LinkedIn, Walmart and Zendesk point AI agent delays to old infrastructure
At VB Transform 2026, technology leaders said production AI agents forced changes to containers, governance, data pipelines and model routing.
By Renata Fuchs · Policy Reporter
· 4 min read
LinkedIn, Walmart and Zendesk executives said at VB Transform 2026 that the hard part of putting AI agents into production has been rebuilding surrounding infrastructure, rather than swapping in better models. The panel did not disclose spending, deployment counts or latency targets, but the examples showed where enterprise AI work is shifting: orchestration, governance, data systems and model abstraction.
The discussion included Animesh Singh, senior director of AI platform and infrastructure at LinkedIn; Desiree Gosby, SVP of corporate technology services and technology strategy at Walmart; and Sami Ghoche, VP of applied AI at Zendesk. Each described a different failure point once agents moved beyond pilots.
The common issue was that internal systems had been designed around human-paced work. Agents create a different operating profile, with repeated calls, fast handoffs and less tolerance for slow provisioning or manual coordination.
Production agents exposed old assumptions
At LinkedIn, Singh said Kubernetes became an early constraint because container startup times are measured in seconds. That was too slow for the company’s agent workloads, so LinkedIn moved to pre-provisioned container pools that can take on and release agent tasks in real time.
LinkedIn also changed how it lets agents manage workflows. Singh said a five-point evaluation approach still let hallucinations appear, because using one LLM to judge another LLM can reproduce the same error pattern. The company responded by limiting where LLMs sit in the process.
“We built our own harness, our own control flow, and pushed the LLMs to the leaf instead of them orchestrating the loop,” Singh said. He said about 80% of the workflow now runs as deterministic code, with LLMs reserved for reasoning steps. Evidence from each step is written to disk before the system proceeds.
Walmart ran into a different scaling problem after an internal agent harness spread among employees. Gosby said “citizen developers” began creating agents for tasks that might previously have waited for engineering resources. That produced useful internal experimentation, but also overlapping tools built for similar purposes.
Walmart’s response, according to Gosby, was governance that can detect duplication, select the best version of an agent and move it into production without turning engineering into the approval bottleneck. She said the goal is to ensure “engineering doesn’t once again become the bottleneck for what it is we’re trying to do.”
Zendesk’s constraint was data infrastructure. Ghoche joined Zendesk through its acquisition of Forethought, which closed in March 2026. He pointed to what he described as a public figure of 20 billion customer conversations in Zendesk’s repository, and said that history cannot be handed wholesale to a large language model with a large context window.

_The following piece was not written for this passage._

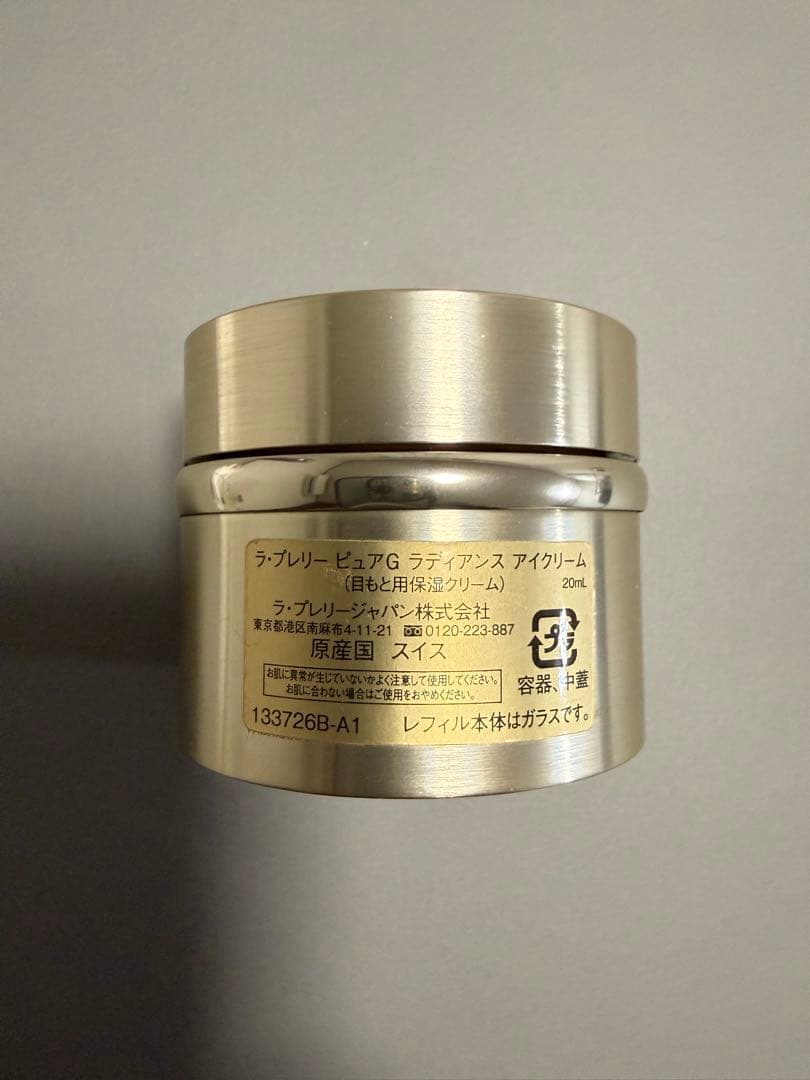ラ・プレリー ピュアG ラディアンス アイクリーム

“You can’t really do that, so instead you have to really invest in the underlying data pipelines and all the data infrastructure that comes with that,” Ghoche said.

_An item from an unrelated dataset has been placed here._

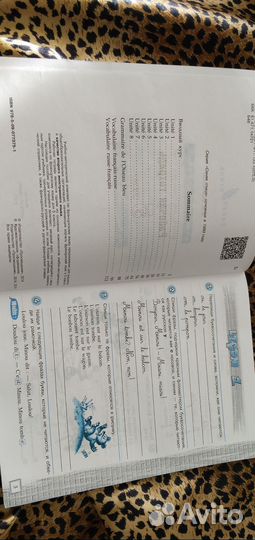 Тетрадь по французскому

Model independence is becoming a design requirement
The executives also described efforts to avoid dependence on a single model provider. Ghoche said most enterprises would prefer to own models and infrastructure where they can, while still using frontier labs for reasoning work where those providers retain an advantage. He said that category is narrowing relative to the broader range of enterprise AI work.
LinkedIn built an AI gateway so outbound model calls use the same interface across public cloud systems and the company’s own data centers. Singh said the setup lets LinkedIn switch providers more quickly. The company also built a memory subsystem intended to keep enterprise context separate from any individual model vendor.
Walmart has built an internal gateway for deterministic workflows, planner-and-reasoner workflows and hybrid workloads. Gosby said compliance-sensitive tasks remain deterministic by design, while governance, security and evaluation run through the gateway no matter which model is used. She said Walmart chooses between frontier and open-weight models based on the workload.
Evaluation comes first
Ghoche said evaluation should be treated as a starting point across internal and customer-facing use cases. “The thing that’s common to all of these is evals. It’ll force you to break the problem down, and once you have a robust set of evals, you can move a lot faster,” he said.
Gosby argued for giving employees access to the agent harness early, paired with monitoring of what they create. Singh said companies should design for both model independence and context independence, so enterprise context can be reused as models and harnesses change.
This story draws on original reporting from VentureBeat.